Extracted data entries:
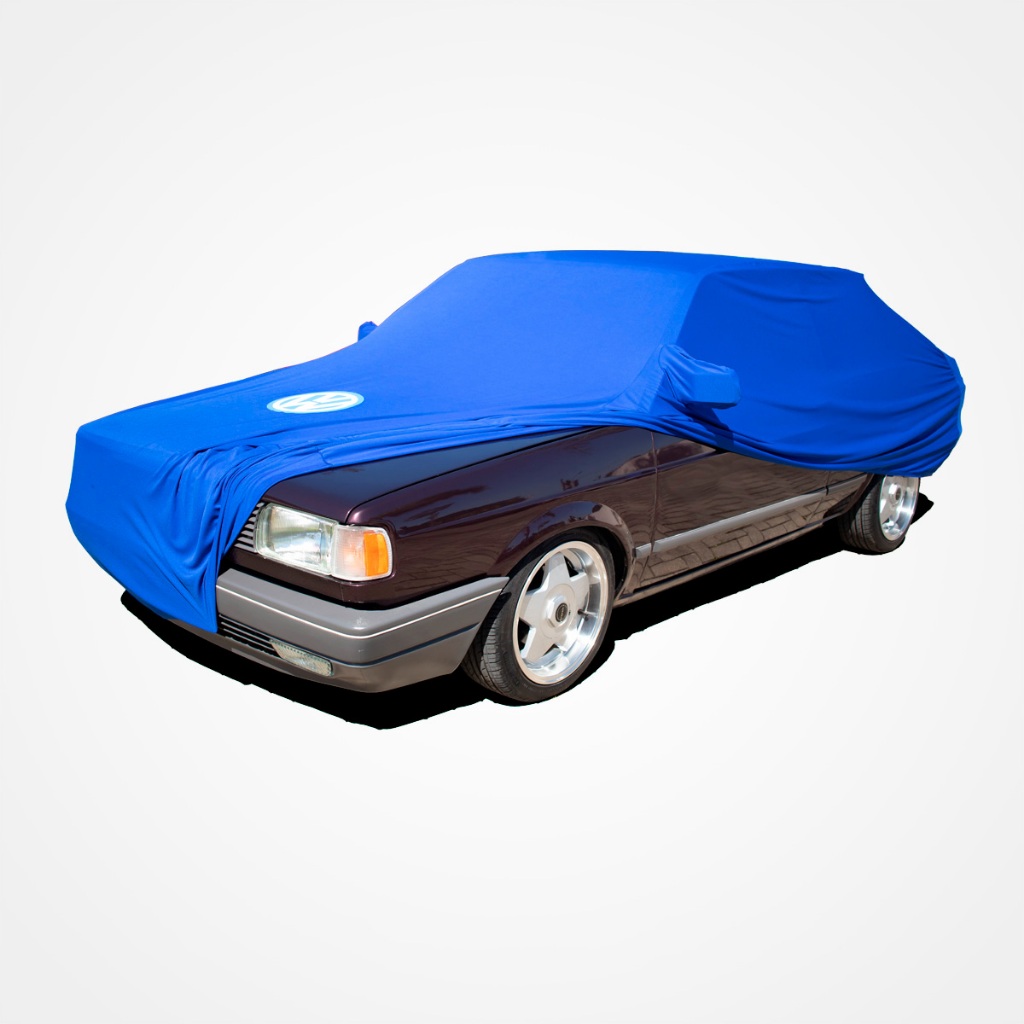Capa Protetora para Cobrir Carro Antigo Voyage Quadrado VW Tecido Não Impermeável Sob Medida Antigo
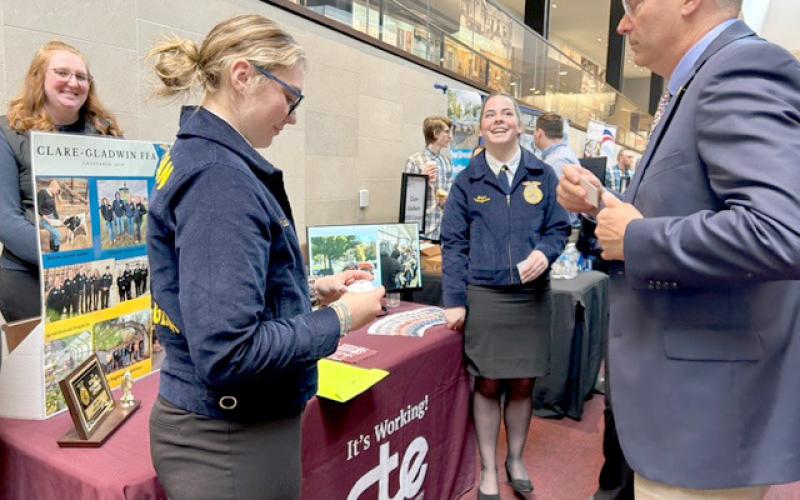 CTE AG SCIENCE GOES TO LANSING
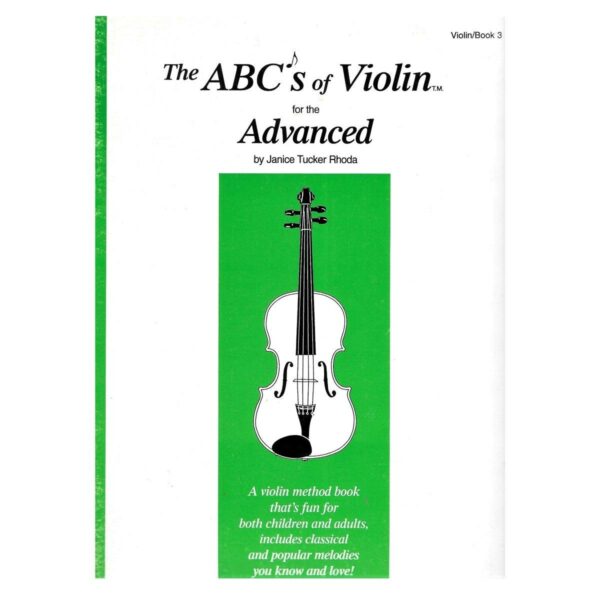 Rhoda - The ABC's Of Violin for The Advanced Book 3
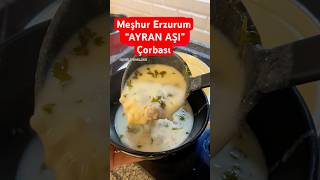 Erzurum’a Ait Ayran Aşı(Yoğurt)Çorbası Resimi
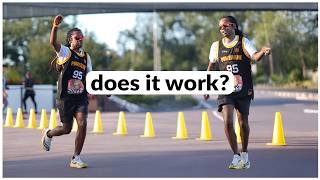 I tried to run walk a marathon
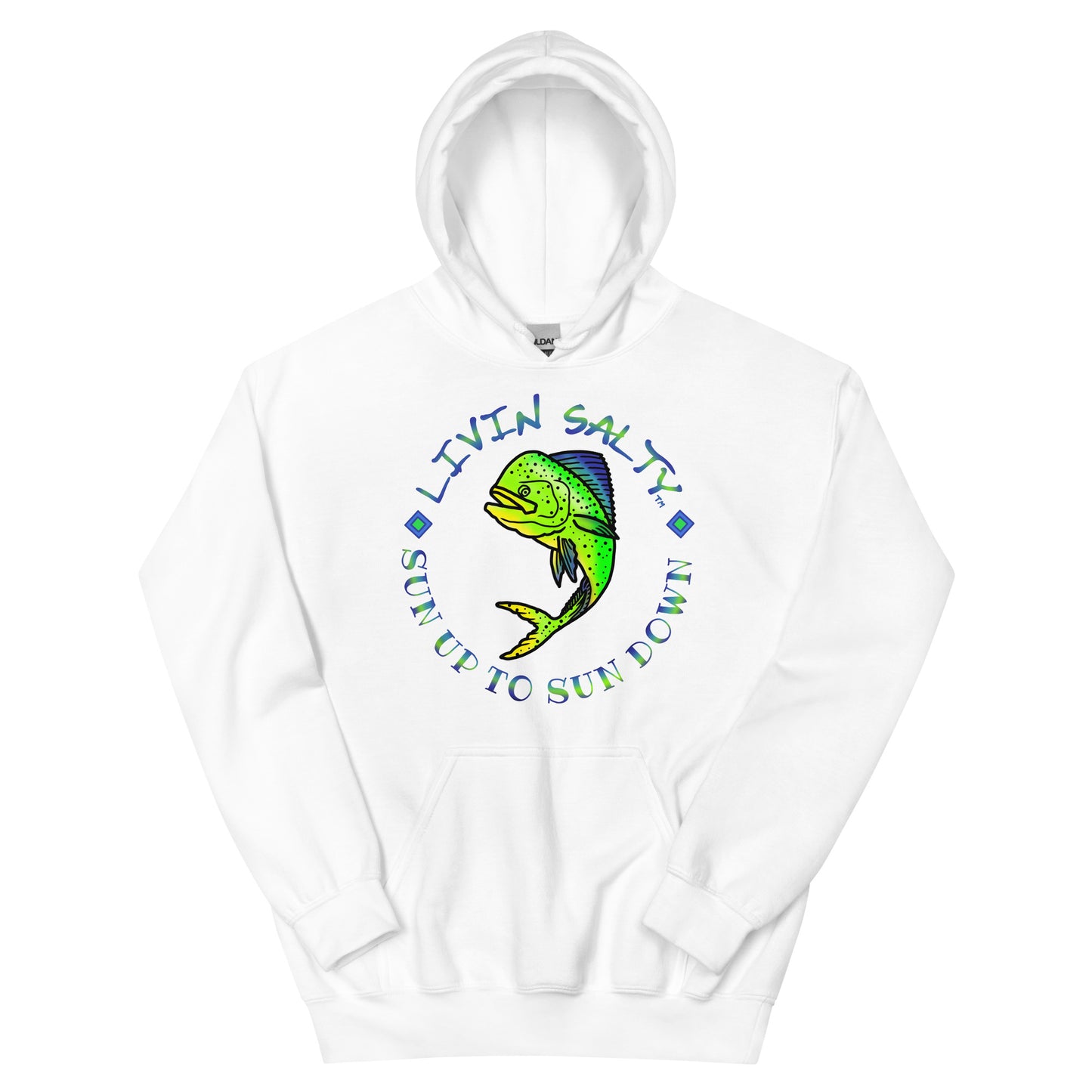 Unisex LIVIN SALTY Mahi Hoodie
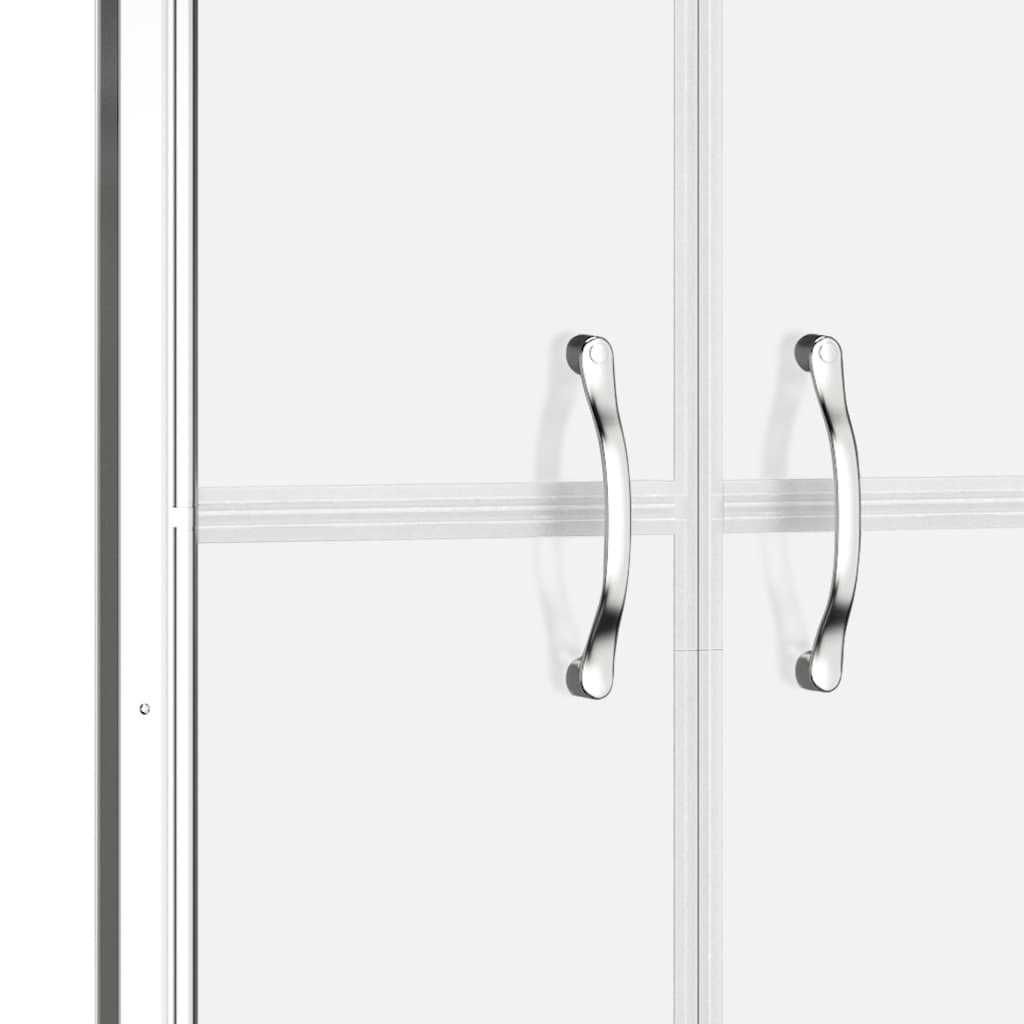 vidaXL Douchedeur 91x190cm Halfmat - 35% Korting!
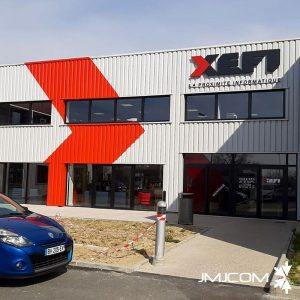 Lettres relief non lumineuses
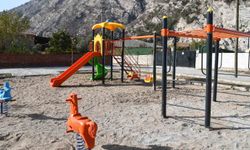 Söke'de Yeni Çocuk Oyun ve Dinlenme Alanı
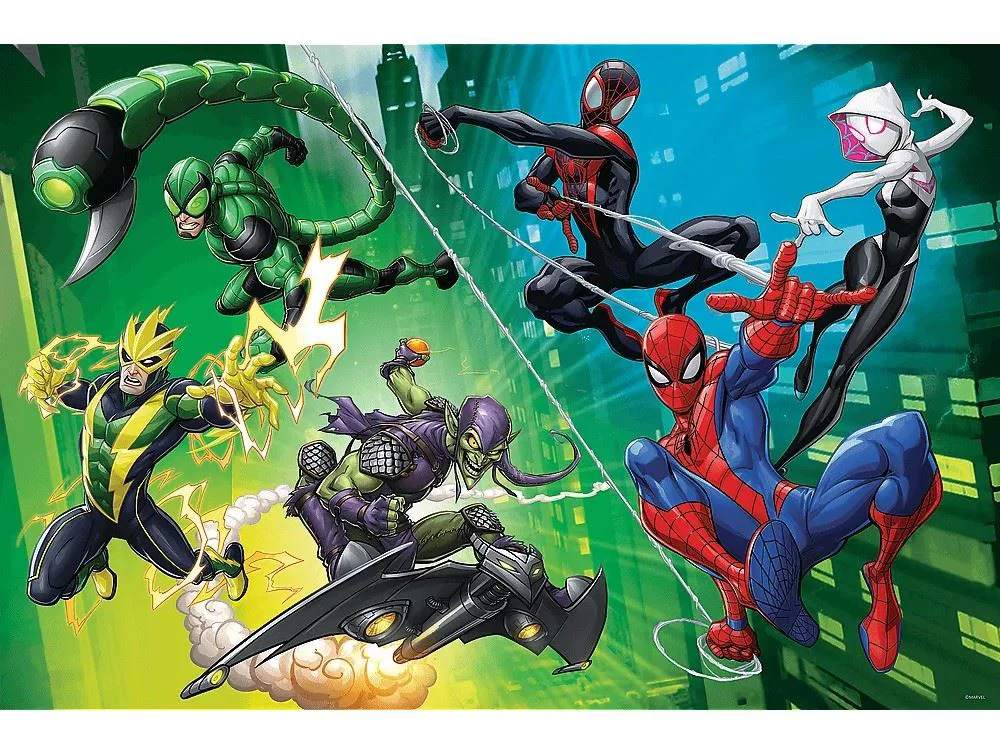 Puzzle Trefl In a spider's web, 300 el. foto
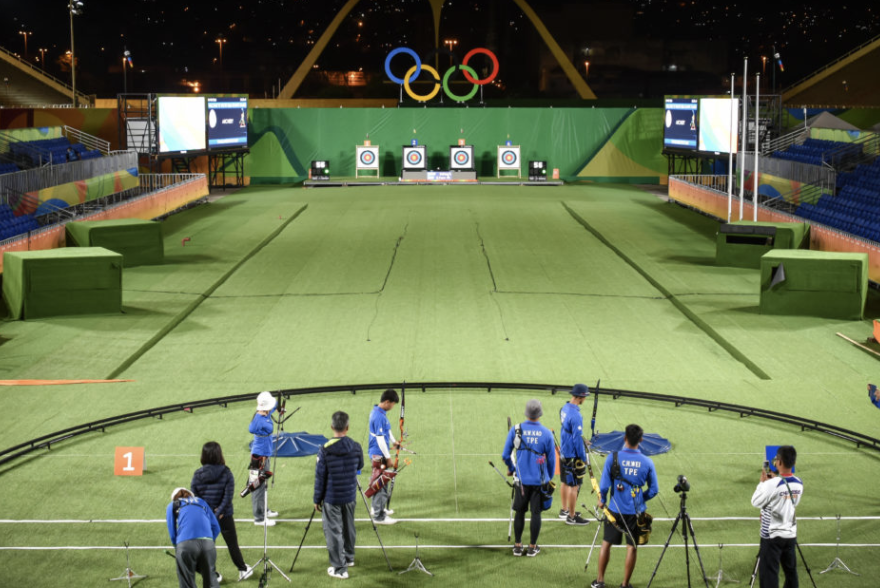 How to be an Olympic archer Bow International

= TASK ITEM =
Return all the entries word for word, but omit any pictures they contain.

= ANSWER SECTION =
Capa Protetora para Cobrir Carro Antigo Voyage Quadrado VW Tecido Não Impermeável Sob Medida Antigo
 CTE AG SCIENCE GOES TO LANSING
 Rhoda - The ABC's Of Violin for The Advanced Book 3
 Erzurum’a Ait Ayran Aşı(Yoğurt)Çorbası Resimi
 I tried to run walk a marathon
 Unisex LIVIN SALTY Mahi Hoodie
 vidaXL Douchedeur 91x190cm Halfmat - 35% Korting!
 Lettres relief non lumineuses
 Söke'de Yeni Çocuk Oyun ve Dinlenme Alanı
 Puzzle Trefl In a spider's web, 300 el. foto
 How to be an Olympic archer Bow International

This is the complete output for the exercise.